■ What to work on
Extract each record and reproduce it exactly.

▬▬▬▬▬▬▬▬▬▬

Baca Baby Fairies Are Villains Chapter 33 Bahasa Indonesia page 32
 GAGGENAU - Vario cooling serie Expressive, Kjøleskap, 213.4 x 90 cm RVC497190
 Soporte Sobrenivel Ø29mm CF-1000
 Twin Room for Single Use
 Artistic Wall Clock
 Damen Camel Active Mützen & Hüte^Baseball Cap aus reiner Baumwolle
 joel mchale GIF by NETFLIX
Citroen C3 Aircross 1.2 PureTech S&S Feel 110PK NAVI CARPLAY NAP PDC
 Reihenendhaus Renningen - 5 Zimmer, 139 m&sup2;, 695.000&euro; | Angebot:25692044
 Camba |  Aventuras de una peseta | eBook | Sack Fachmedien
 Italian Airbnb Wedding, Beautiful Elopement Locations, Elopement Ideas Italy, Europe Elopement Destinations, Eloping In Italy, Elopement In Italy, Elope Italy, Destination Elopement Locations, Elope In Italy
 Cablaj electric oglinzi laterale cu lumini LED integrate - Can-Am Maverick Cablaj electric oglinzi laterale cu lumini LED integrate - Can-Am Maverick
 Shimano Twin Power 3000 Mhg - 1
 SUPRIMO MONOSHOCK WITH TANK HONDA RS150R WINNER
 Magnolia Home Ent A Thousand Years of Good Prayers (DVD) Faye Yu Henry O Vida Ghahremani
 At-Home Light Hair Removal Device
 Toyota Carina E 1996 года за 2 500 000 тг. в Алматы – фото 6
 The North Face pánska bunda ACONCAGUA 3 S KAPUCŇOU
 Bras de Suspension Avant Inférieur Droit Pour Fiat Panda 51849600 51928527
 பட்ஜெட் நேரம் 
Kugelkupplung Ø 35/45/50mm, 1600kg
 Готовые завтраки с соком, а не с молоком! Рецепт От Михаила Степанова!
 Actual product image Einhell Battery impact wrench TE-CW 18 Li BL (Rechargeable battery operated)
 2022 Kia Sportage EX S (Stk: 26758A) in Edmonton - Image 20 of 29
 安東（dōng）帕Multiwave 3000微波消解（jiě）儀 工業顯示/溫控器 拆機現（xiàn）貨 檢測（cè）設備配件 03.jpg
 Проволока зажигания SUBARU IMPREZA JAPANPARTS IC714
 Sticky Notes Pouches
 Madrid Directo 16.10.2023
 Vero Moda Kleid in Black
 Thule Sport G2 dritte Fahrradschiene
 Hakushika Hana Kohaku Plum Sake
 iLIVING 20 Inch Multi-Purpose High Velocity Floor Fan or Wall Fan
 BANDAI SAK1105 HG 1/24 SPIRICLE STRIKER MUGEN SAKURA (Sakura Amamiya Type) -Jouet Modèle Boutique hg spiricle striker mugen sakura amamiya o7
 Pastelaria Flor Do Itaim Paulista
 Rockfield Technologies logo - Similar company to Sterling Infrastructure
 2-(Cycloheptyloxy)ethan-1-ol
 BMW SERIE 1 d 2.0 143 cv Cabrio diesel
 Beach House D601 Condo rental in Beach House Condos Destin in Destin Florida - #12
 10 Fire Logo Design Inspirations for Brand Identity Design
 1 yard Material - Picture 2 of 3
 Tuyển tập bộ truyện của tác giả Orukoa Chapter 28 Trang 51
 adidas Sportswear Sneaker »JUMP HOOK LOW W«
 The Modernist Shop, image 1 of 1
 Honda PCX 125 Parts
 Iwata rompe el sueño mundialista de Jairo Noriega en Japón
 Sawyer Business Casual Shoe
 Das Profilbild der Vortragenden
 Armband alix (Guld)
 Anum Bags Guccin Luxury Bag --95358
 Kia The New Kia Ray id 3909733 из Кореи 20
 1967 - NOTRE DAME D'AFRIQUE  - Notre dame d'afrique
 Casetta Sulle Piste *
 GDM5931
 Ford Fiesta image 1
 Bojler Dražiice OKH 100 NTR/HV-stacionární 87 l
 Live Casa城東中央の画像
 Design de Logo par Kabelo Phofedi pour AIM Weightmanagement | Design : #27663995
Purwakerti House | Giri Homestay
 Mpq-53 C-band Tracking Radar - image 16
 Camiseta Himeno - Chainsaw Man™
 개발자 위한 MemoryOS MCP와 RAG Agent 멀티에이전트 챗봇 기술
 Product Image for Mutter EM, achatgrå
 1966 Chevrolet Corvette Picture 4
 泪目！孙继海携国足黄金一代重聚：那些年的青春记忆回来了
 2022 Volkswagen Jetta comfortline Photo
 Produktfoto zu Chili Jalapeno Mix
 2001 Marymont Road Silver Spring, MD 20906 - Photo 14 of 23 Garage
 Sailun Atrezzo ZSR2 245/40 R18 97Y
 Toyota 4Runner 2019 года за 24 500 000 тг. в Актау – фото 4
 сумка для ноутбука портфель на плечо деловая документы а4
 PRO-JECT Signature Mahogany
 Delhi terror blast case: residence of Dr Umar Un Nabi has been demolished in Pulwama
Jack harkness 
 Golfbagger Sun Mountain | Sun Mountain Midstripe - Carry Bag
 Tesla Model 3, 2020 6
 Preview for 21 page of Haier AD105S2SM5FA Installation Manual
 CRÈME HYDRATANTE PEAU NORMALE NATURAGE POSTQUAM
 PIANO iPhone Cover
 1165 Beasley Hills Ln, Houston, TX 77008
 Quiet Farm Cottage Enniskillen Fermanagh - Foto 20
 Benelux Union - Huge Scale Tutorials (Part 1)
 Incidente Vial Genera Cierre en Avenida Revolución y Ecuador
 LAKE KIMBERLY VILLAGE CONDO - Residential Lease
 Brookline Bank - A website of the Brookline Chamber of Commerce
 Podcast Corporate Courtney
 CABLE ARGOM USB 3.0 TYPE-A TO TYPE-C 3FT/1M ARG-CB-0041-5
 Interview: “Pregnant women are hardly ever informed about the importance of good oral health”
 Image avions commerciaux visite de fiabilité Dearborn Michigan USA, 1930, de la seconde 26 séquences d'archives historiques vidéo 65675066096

▬▬▬▬▬▬▬▬▬▬

■ Answer section
Baca Baby Fairies Are Villains Chapter 33 Bahasa Indonesia page 32
 GAGGENAU - Vario cooling serie Expressive, Kjøleskap, 213.4 x 90 cm RVC497190
 Soporte Sobrenivel Ø29mm CF-1000
 Twin Room for Single Use
 Artistic Wall Clock
 Damen Camel Active Mützen & Hüte^Baseball Cap aus reiner Baumwolle
 joel mchale GIF by NETFLIX
Citroen C3 Aircross 1.2 PureTech S&S Feel 110PK NAVI CARPLAY NAP PDC
 Reihenendhaus Renningen - 5 Zimmer, 139 m&sup2;, 695.000&euro; | Angebot:25692044
 Camba |  Aventuras de una peseta | eBook | Sack Fachmedien
 Italian Airbnb Wedding, Beautiful Elopement Locations, Elopement Ideas Italy, Europe Elopement Destinations, Eloping In Italy, Elopement In Italy, Elope Italy, Destination Elopement Locations, Elope In Italy
 Cablaj electric oglinzi laterale cu lumini LED integrate - Can-Am Maverick Cablaj electric oglinzi laterale cu lumini LED integrate - Can-Am Maverick
 Shimano Twin Power 3000 Mhg - 1
 SUPRIMO MONOSHOCK WITH TANK HONDA RS150R WINNER
 Magnolia Home Ent A Thousand Years of Good Prayers (DVD) Faye Yu Henry O Vida Ghahremani
 At-Home Light Hair Removal Device
 Toyota Carina E 1996 года за 2 500 000 тг. в Алматы – фото 6
 The North Face pánska bunda ACONCAGUA 3 S KAPUCŇOU
 Bras de Suspension Avant Inférieur Droit Pour Fiat Panda 51849600 51928527
 பட்ஜெட் நேரம் 
Kugelkupplung Ø 35/45/50mm, 1600kg
 Готовые завтраки с соком, а не с молоком! Рецепт От Михаила Степанова!
 Actual product image Einhell Battery impact wrench TE-CW 18 Li BL (Rechargeable battery operated)
 2022 Kia Sportage EX S (Stk: 26758A) in Edmonton - Image 20 of 29
 安東（dōng）帕Multiwave 3000微波消解（jiě）儀 工業顯示/溫控器 拆機現（xiàn）貨 檢測（cè）設備配件 03.jpg
 Проволока зажигания SUBARU IMPREZA JAPANPARTS IC714
 Sticky Notes Pouches
 Madrid Directo 16.10.2023
 Vero Moda Kleid in Black
 Thule Sport G2 dritte Fahrradschiene
 Hakushika Hana Kohaku Plum Sake
 iLIVING 20 Inch Multi-Purpose High Velocity Floor Fan or Wall Fan
 BANDAI SAK1105 HG 1/24 SPIRICLE STRIKER MUGEN SAKURA (Sakura Amamiya Type) -Jouet Modèle Boutique hg spiricle striker mugen sakura amamiya o7
 Pastelaria Flor Do Itaim Paulista
 Rockfield Technologies logo - Similar company to Sterling Infrastructure
 2-(Cycloheptyloxy)ethan-1-ol
 BMW SERIE 1 d 2.0 143 cv Cabrio diesel
 Beach House D601 Condo rental in Beach House Condos Destin in Destin Florida - #12
 10 Fire Logo Design Inspirations for Brand Identity Design
 1 yard Material - Picture 2 of 3
 Tuyển tập bộ truyện của tác giả Orukoa Chapter 28 Trang 51
 adidas Sportswear Sneaker »JUMP HOOK LOW W«
 The Modernist Shop, image 1 of 1
 Honda PCX 125 Parts
 Iwata rompe el sueño mundialista de Jairo Noriega en Japón
 Sawyer Business Casual Shoe
 Das Profilbild der Vortragenden
 Armband alix (Guld)
 Anum Bags Guccin Luxury Bag --95358
 Kia The New Kia Ray id 3909733 из Кореи 20
 1967 - NOTRE DAME D'AFRIQUE  - Notre dame d'afrique
 Casetta Sulle Piste *
 GDM5931
 Ford Fiesta image 1
 Bojler Dražiice OKH 100 NTR/HV-stacionární 87 l
 Live Casa城東中央の画像
 Design de Logo par Kabelo Phofedi pour AIM Weightmanagement | Design : #27663995
Purwakerti House | Giri Homestay
 Mpq-53 C-band Tracking Radar - image 16
 Camiseta Himeno - Chainsaw Man™
 개발자 위한 MemoryOS MCP와 RAG Agent 멀티에이전트 챗봇 기술
 Product Image for Mutter EM, achatgrå
 1966 Chevrolet Corvette Picture 4
 泪目！孙继海携国足黄金一代重聚：那些年的青春记忆回来了
 2022 Volkswagen Jetta comfortline Photo
 Produktfoto zu Chili Jalapeno Mix
 2001 Marymont Road Silver Spring, MD 20906 - Photo 14 of 23 Garage
 Sailun Atrezzo ZSR2 245/40 R18 97Y
 Toyota 4Runner 2019 года за 24 500 000 тг. в Актау – фото 4
 сумка для ноутбука портфель на плечо деловая документы а4
 PRO-JECT Signature Mahogany
 Delhi terror blast case: residence of Dr Umar Un Nabi has been demolished in Pulwama
Jack harkness 
 Golfbagger Sun Mountain | Sun Mountain Midstripe - Carry Bag
 Tesla Model 3, 2020 6
 Preview for 21 page of Haier AD105S2SM5FA Installation Manual
 CRÈME HYDRATANTE PEAU NORMALE NATURAGE POSTQUAM
 PIANO iPhone Cover
 1165 Beasley Hills Ln, Houston, TX 77008
 Quiet Farm Cottage Enniskillen Fermanagh - Foto 20
 Benelux Union - Huge Scale Tutorials (Part 1)
 Incidente Vial Genera Cierre en Avenida Revolución y Ecuador
 LAKE KIMBERLY VILLAGE CONDO - Residential Lease
 Brookline Bank - A website of the Brookline Chamber of Commerce
 Podcast Corporate Courtney
 CABLE ARGOM USB 3.0 TYPE-A TO TYPE-C 3FT/1M ARG-CB-0041-5
 Interview: “Pregnant women are hardly ever informed about the importance of good oral health”
 Image avions commerciaux visite de fiabilité Dearborn Michigan USA, 1930, de la seconde 26 séquences d'archives historiques vidéo 65675066096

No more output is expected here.